He took her by the arm and led her to the door.
“I’ll take care of the closet,” he said blithely. “Pip! Pip!”
“You are completely crazy,” she murmured. “It’s a wonder I put up with you at all. I’ll leave, for you obviously want me to, but don’t forget dinner at six. It’s your last chance to prove to father that you haven’t got squirrel blood in you.”
“But I have,” Albert pointed out solemnly, before he closed the door.
“Why didn’tcha let her in the closet?” George’s voice, perplexed and unhappy, sounded behind him.
Albert turned wearily.
“You wouldn’t understand George,” he said, sighing. “It’s very involved.”
“Would it fix things,” George asked intently, “if I wuz to fill all the closets up with that green stuff?”
“No!” Albert shouted. His patience was fraying fast. “Why don’t you leave me alone? You bother me. You give me a pain in the neck.”
“You — you mean that?” George asked sorrowfully.
“Certainly,” Albert snapped.
“Okay,” George sighed. “I don’t like to do it but I yam only trying to please.” The genie waved one hand in the air slowly and Albert felt a sudden sharp pain flash up his back to his neck.

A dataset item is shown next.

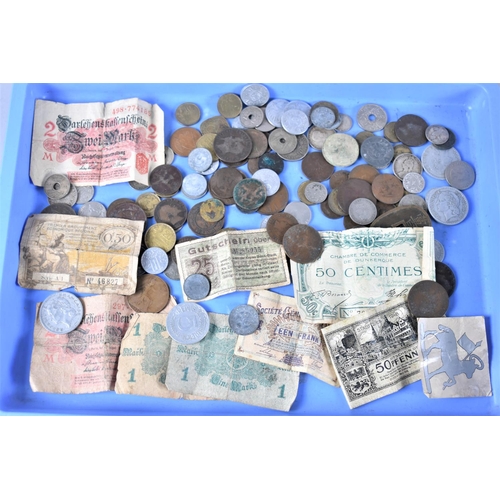 92 - A Collection of Various WWI and Later Continental Coins and Bank Notes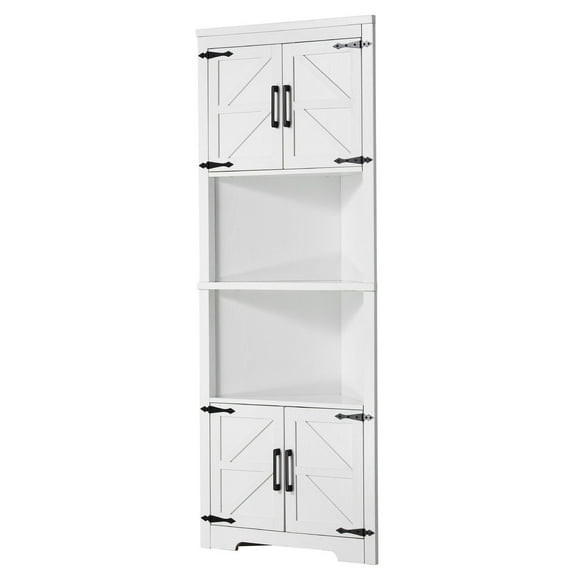 68 Inch Corner Storage Cabinet with 4 Wooden Doors - White Freestanding Organizer with Adjustable Shelves for Bathroom, Bedroom, Kitchen & Laundry Room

“Ouch,” he yelled. “What the devil are you doing?”
George looked bewilderedly apologetic.
“You told me to give you a pain in the neck,” he said stubbornly. “I yam only doing what I yarn told.”
“All right, all right,” Albert said desperately. “Get a towel and some hot water.”
It took George the rest of the afternoon to massage Albert’s neck back to its customary limberness and wellbeing. By the time the job was done Albert had to break all speed records in clambering into his evening clothes. It wouldn’t do to be late for dinner tonight, of all nights. The old boy would simply scalp him without any preliminaries at all.
“Stay up here in the room,” he warned George before he left. “Keep out of trouble. If I need anything I’ll come back up.”
George nodded understanding, quiet pleased that Albert was entrusting such valuable orders to him.
Albert hurried to the library. Aunt Annabelle was there with Margot. Major Mastiff was standing before the fireplace talking to two strangers dressed in conservative grey suits. They looked up as Albert entered. Major Mastiff turned and glared into the fire, leaving Margot to handle the introductions.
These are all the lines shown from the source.